A lot has been made about Major League Baseball possibly working on a league-wide streaming package, but another league could be headed in a similar fashion. John Ourand of Puck is reporting that the NBA could have its own local streaming rights deal in place for the start of their next regular season.
13 NBA teams current have their local rights controlled by Main Street Sports Group, the embatttled regional sports network that appears to be going dark after this NBA regular season comes to an end. Main Street reportedly missed their rights payments to the teams for January, prompting the league to accelerate their plans to centralize local media rights. Sports Business Journal’s Tom Friend reported last year that the NBA was hoping to have around 20 teams’ local media rights packaged for a streaming service such as Amazon Prime or DAZN for the 2027-28 season.

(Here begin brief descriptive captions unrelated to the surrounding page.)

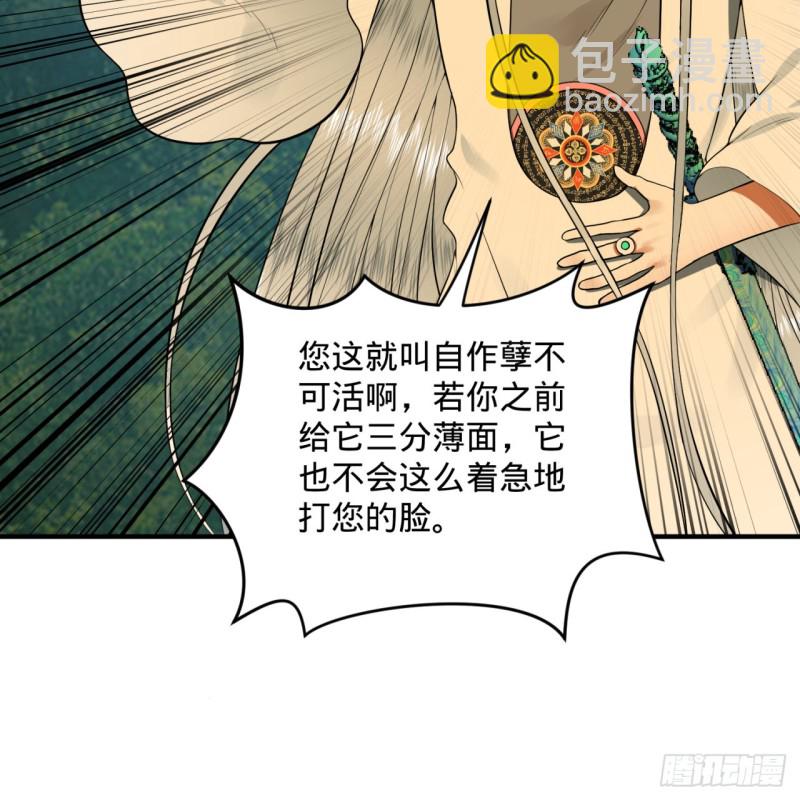 🍔炼气练了三千年 170回 吔屎啦，东皇太一！ 第15页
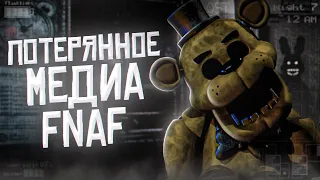 LOST MEDIA по FNaF | Потерянное Медиа ФНаФ | Five Nights at Freddy's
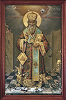 Свт. Софроний, патриарх Иерусалимский. Икона. До 1880 г. (собрание Митрополии Лероса, Калимноса и Астипалеи в часовне во имя свт. Софрония Иерусалимского о-ве Лерос, Греция) 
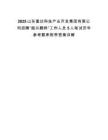2025山東富達(dá)科技產(chǎn)業(yè)開發(fā)集團(tuán)有限公司招聘“振興魏橋”工作人員5人筆試歷年參考題庫附帶答案詳解
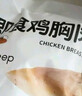 Keep 鸡胸肉即食80g/袋 黑椒味 低脂健身高蛋白食品 代餐健身轻食 实拍图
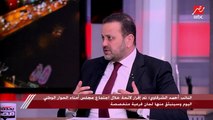 النائب أحمد الشرقاوي: تم إقرار لائحة خلال اجتماع مجلس أمناء الحوار الوطني وسينبثق منها لجان فرعية متخصصة واعتمدنا آلية التوافق وليس التصويت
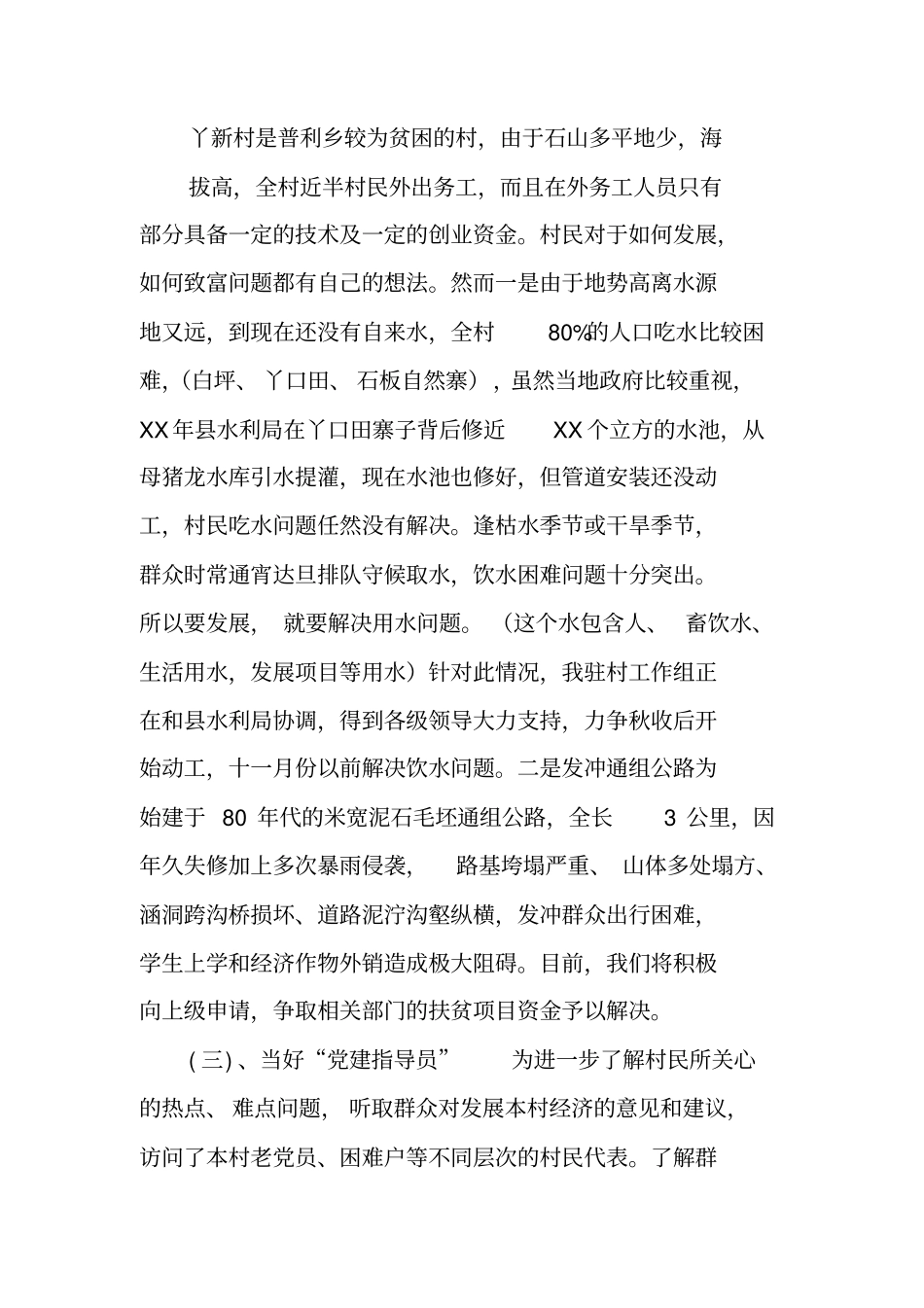 驻村组长述职报告_第2页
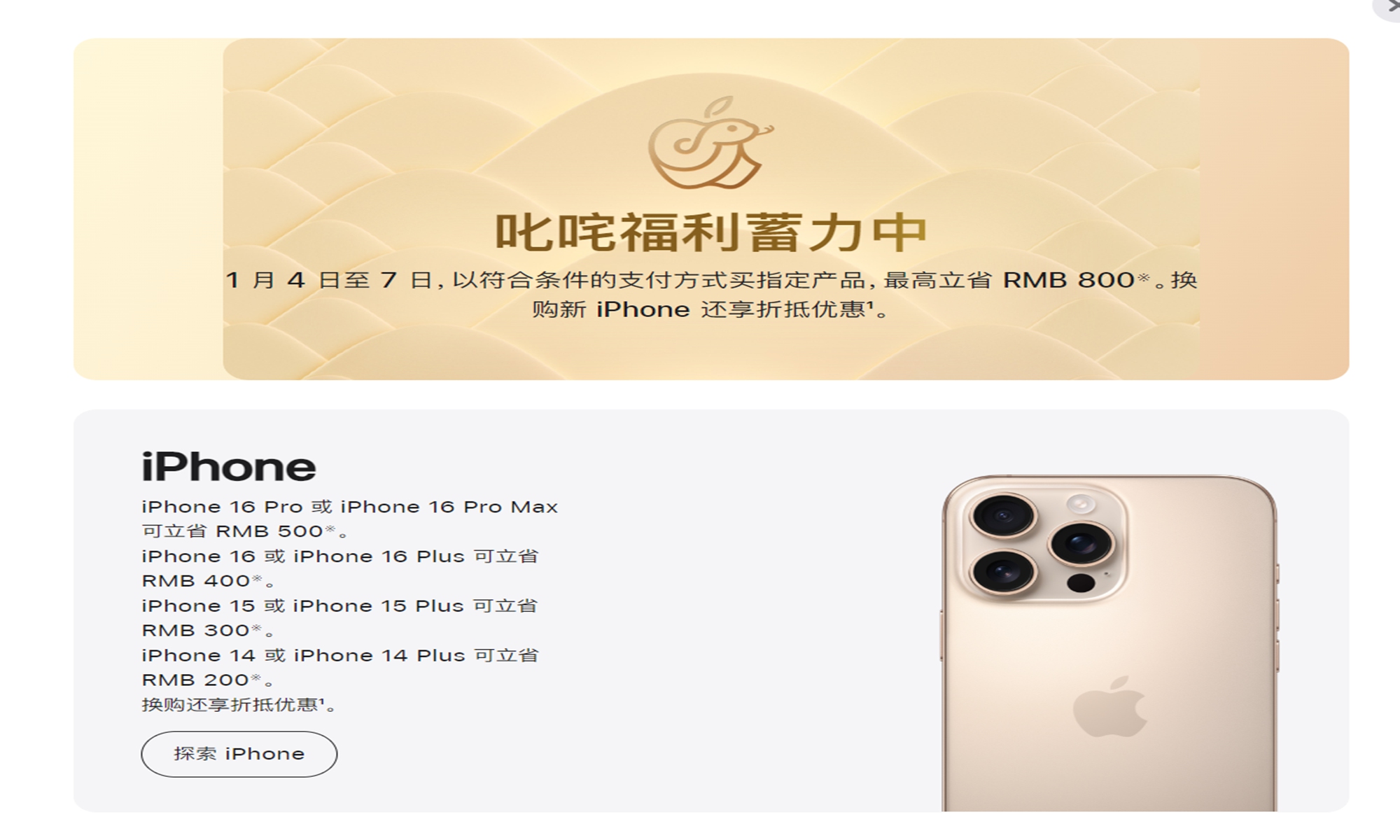 Screenshot from Apple China's official website regarding the new year promotion event, which runs from Saturday to Tuesday, offering discounts of up to 800 yuan ($110). Photo: Apple China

Freind and Mike Mazzeo then postulated the five teams who have their games aired on over-the-air channels (Dallas Mavericks, New Orleans Pelicans, Phoenix Suns, Portland Trail Blazers, and Utah Jazz), four teams that own their own RSNs (Chicago Bulls, Denver Nuggets, Houston Rockets, and Washington Wizards), the four teams whose local rights are controlled by NBC-owned RSNs (Boston Celtics, Golden State Warriors, Philadelphia 76ers, Sacramento Kings), plus the Brooklyn Nets and Toronto Raptors, could get the league to 28 teams whose rights could be packaged.
The two teams currently on the outside are the Los Angeles Lakers, whose rights Spectrum SportsNet pay $150 million a year for, but the RSN is on the selling block according to reports, and the New York Knicks, whose RSN (MSG Network) is owned by team owner James Dolan.
Ourand reported Thursday that streamers are willing to lay down a lump sum for a large but incomplete set of local media rights than have to negotiate all 30 deals one at a time.